In constructing a set of character primitives for
widespread implementation on a variety of host machines, two
goals must be kept in mind. First of all, the primitives
should provide frequently-needed functions. Examples of
these include packing and unpacking of characters, obtaining
integer equivalents, comparing and moving strings, and
letter case and character set conversions. Second, they
should permit machine-independent implementation of programs
which manipulate character data.
The second goal carries with it an important
decision. This is that a standard character set must be
adopted, or at least be available via function calls, in
order that such operations as sorting by collating sequence,
or the use of integer equivalents of characters for
governing the flow of control in programs such as parsers
and lexical analyzers, can be implemented in a fashion which
will guarantee that the same results will be obtained,
independent of the host computer.
There is fortunately at present an
internationally-agreed-upon character set, known as ASCII
(American National Code for Information Interchange),
defined in ANSI Standard X3.4-1968 and revised in X3.4-1977.

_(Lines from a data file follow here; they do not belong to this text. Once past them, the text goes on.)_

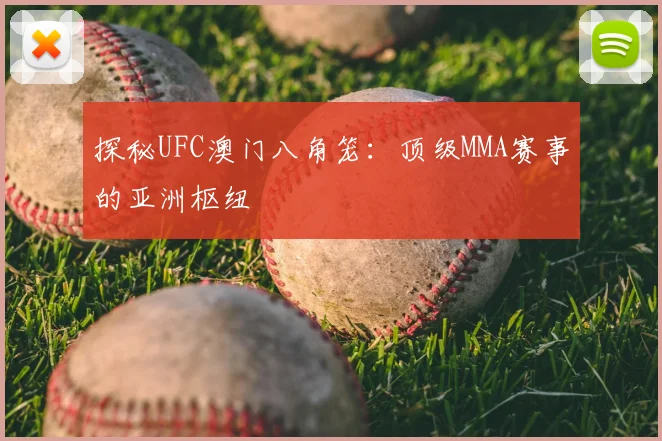 探秘UFC澳门八角笼：顶级MMA赛事的亚洲枢纽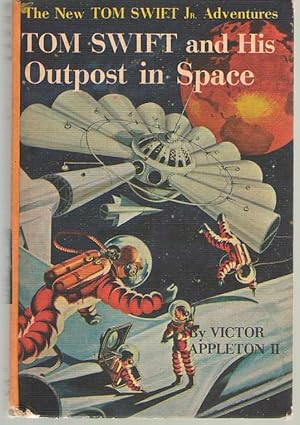 Seller image for Tom Swift And His Outpost In Space for sale by Dan Glaeser Books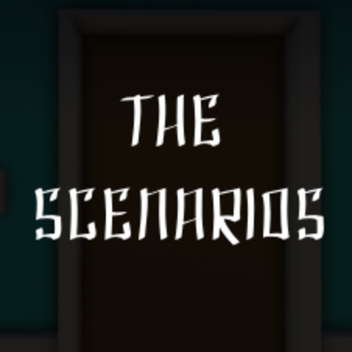 The Scenarios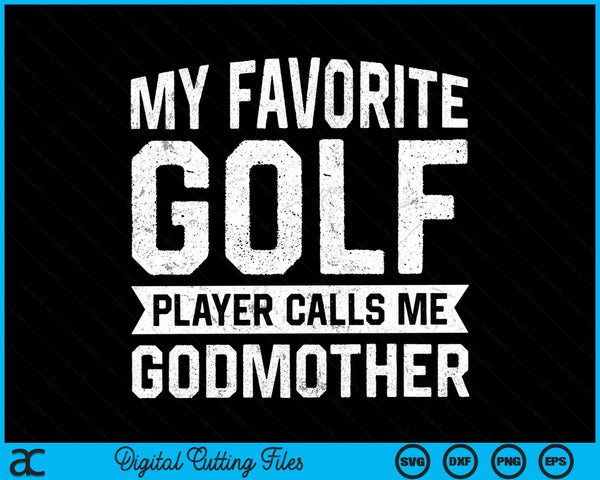My favorite golf player calls me godmother SVG PNG cut file for Cricut
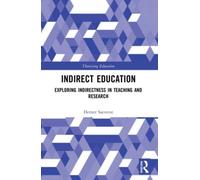 Indirect Education : Exploring Indirectness in Teaching and Research
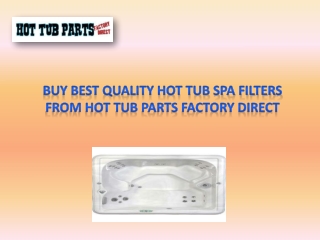 Buy Best Quality Hot Tub Spa Filters from Hot Tub Parts Factory Direct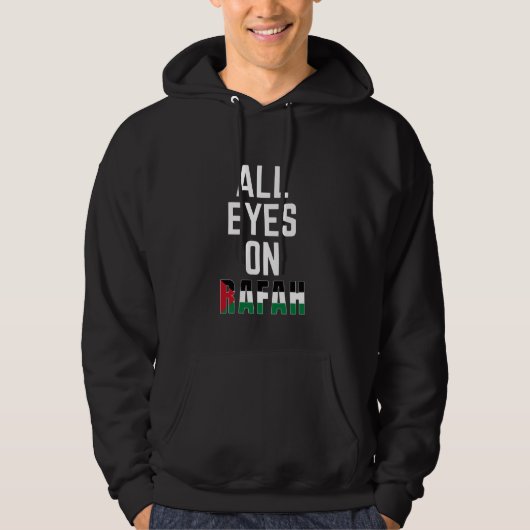 Alle ogen gericht op Rafah Palestina Hoodie (Voorkant)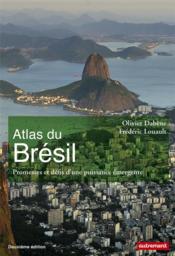 Vente  Atlas du Brésil ; promesses et défis d'une puissance émergente (édition 2018)  - Olivier Dabène - Frédéric Louault 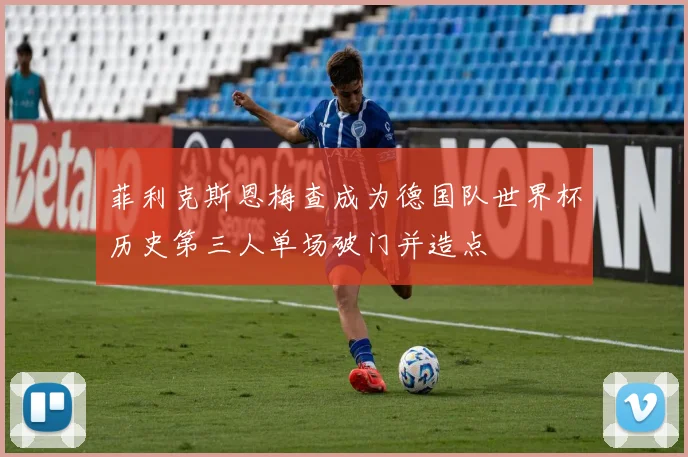 菲利克斯恩梅查成为德国队世界杯历史第三人单场破门并造点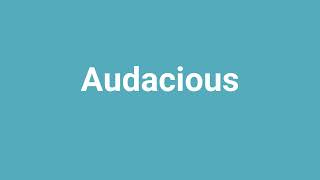 Audacious Meaning and Pronunciation [upl. by Ahen]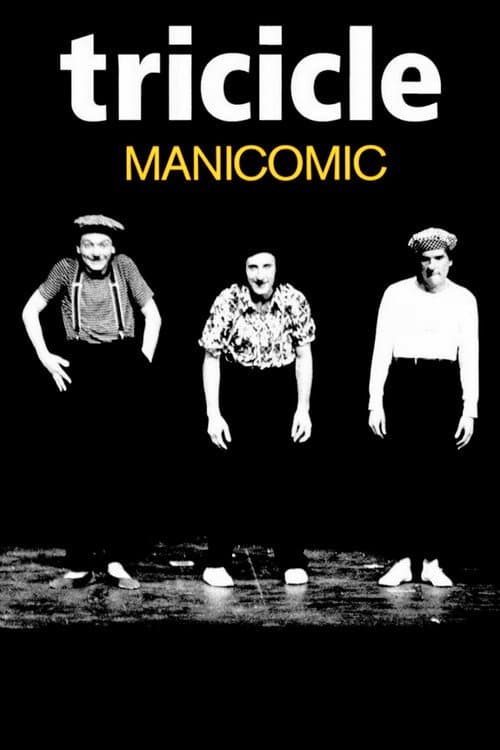Постер: Tricicle: Manicomic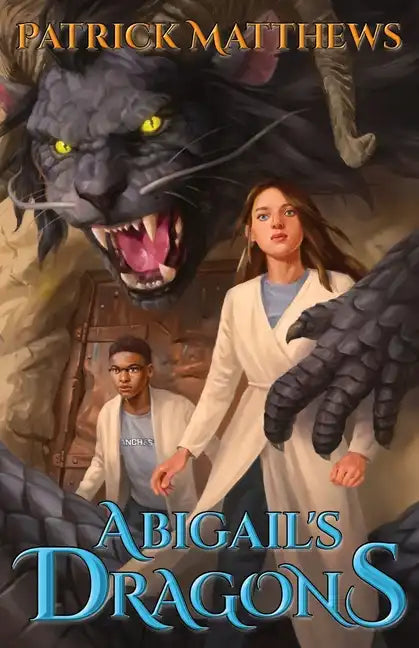 Abigail's Dragons - Paperback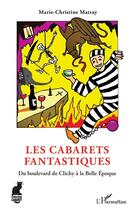 Couverture du livre « Les cabarets fantastiques : du boulevard de Clichy à la Belle Epoque » de Marie-Christine Matray aux éditions L'harmattan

It has been adopted in Japan as the Japanese Industrial
Standard Code for Information Interchange (JISCII) (1969),
and by the International Standards Organization as ISO DR
1052 (1967). Unfortunately, at present the American "Big 3"
computer manufacturers IBM, CDC, and UNIVAC do not provide
wide support for ASCII, although both UNIVAC and CDC are
evidently moving in that direction.
ASCII is a 7-bit code offering 2**7 or 128
different characters, made up of 32 standard control
characters, followed by a space, then the special characters
!"#$%&'()*+,-./, the digits 0-9, the special characters
:;<=>?@, upper-case letters A-Z, special characters [\]^_`,
lower-case letters a-z, special characters {|}~, and
finally, a DELete control character. With the exception of
the DELete control character, the special characters
following the letters may be replaced with national
characters for those alphabets having more than 26 letters.
Standardization work is going on at present to expand the
code to 8 bits, and Cyrillic and Japanese Katakana
characters have already been assigned to characters in the
range 128-255 for use in the Soviet Union and Japan.
This proposal recommends the adoption of the ASCII
character set as a standard one, and functions are defined
allowing access to it even on those computers which do not
yet use it. It is worth noting in passing that the new U.S.
Department of Defense programming language, ADA [SIGP79],
has specified that all character data shall be in the ASCII
character set, independent of the host computer.